1. Have your child lie down on their back with their arms resting by their sides. Place the Breathing Buddy on their stomach.
2. Ask them to inhale deeply until their belly looks like a beach ball.
3. Tell them to exhale and feel the release of pressure in their belly.
4. Repeat steps two and three for about five minutes.
Five Senses Fun
The possibilities are endless with this mindfulness routine. Encourage children to explore their curiosity and focus on how things taste, feel, smell, sound and look. Tuning into their five senses will not only pull children into the present moment but give them the opportunity to develop their likes and dislikes, too.
Take them on a playground picnic, for example, and ask them the following questions:
1. What sounds do you hear?
2. Can you identify any natural smells such as flowers, dirt or marsh?

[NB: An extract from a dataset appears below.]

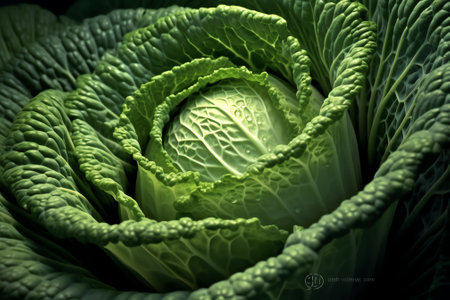 Generative AI Macro shot of the cabbageの素材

3. Do you see anything familiar? Anything new?
4. How do the monkey bars feel beneath your hands?
5. Which flavors do you taste?
Parents of middle schoolers understand the roller coaster of emotions pre-teens experience. Offer them a succinct list of meditative practices that will help them navigate complex feelings and develop a strong sense of self.
Incorporate technology into meditation. Encourage your child to download mindfulness apps like Three Good Things: A Happiness
Journal, Headspace and Stop, Breathe & Think.

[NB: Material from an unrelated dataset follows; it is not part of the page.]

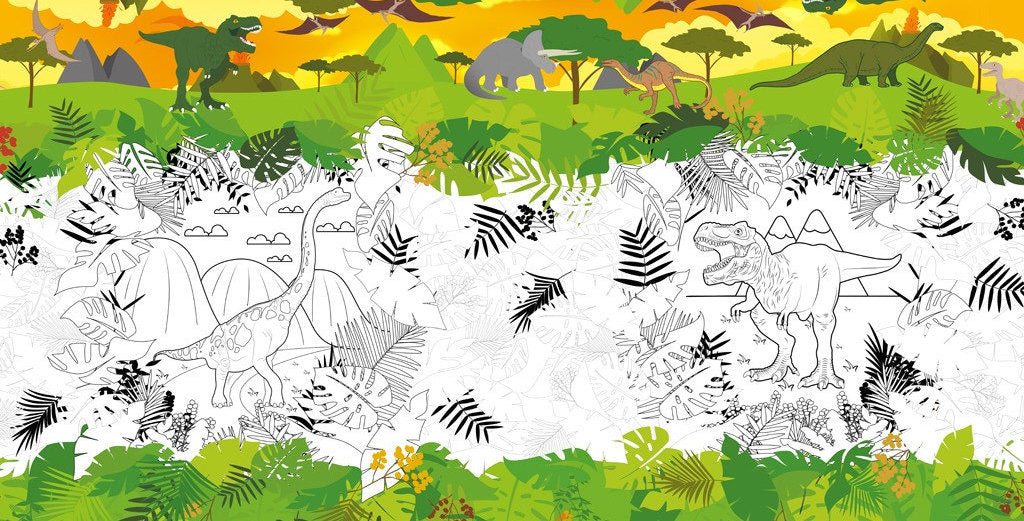 Wachstuch Tischdecke mit Dinosaurier, zum Ausmalen mit Whiteboard-Markern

Make a happiness collage. Invite your child to dig through magazines, family albums and even social media to create a collage of their favorite things.
Create a self-portrait. This seemingly simple art project will reveal your child’s inner thoughts. Drawing a self-portrait will also give them the opportunity to reflect on how they feel, which characteristics they value most and how they portray themselves to the outside world.
Install an Affirmation Station. Hang a full-length mirror and surround it with colorful, positive self-talk posters. Children stand in front of the affirmation
station and repeat mantras like I am strong, I am intelligent or I will change the world by being kind to gain confidence and affirm that they are loved.
Children on the cusp of adulthood live life without a rearview mirror. They focus entirely on what lies ahead, be it the next party, the next internship or the next class assignment. Practicing mindfulness helps them embrace the “now,” which we as adults understand as a fleeting season of carefree fun.
• Incorporate mindfulness into dorm decor by outfitting teens’ rooms with positive mantras.
• Add a journal to their college packing list so they can spend time reflecting on the good of every day.
• Invest in a high-quality pair of headphones so your teen can listen to their favorite playlist or mindfulness podcast during their drive to school or walk across campus.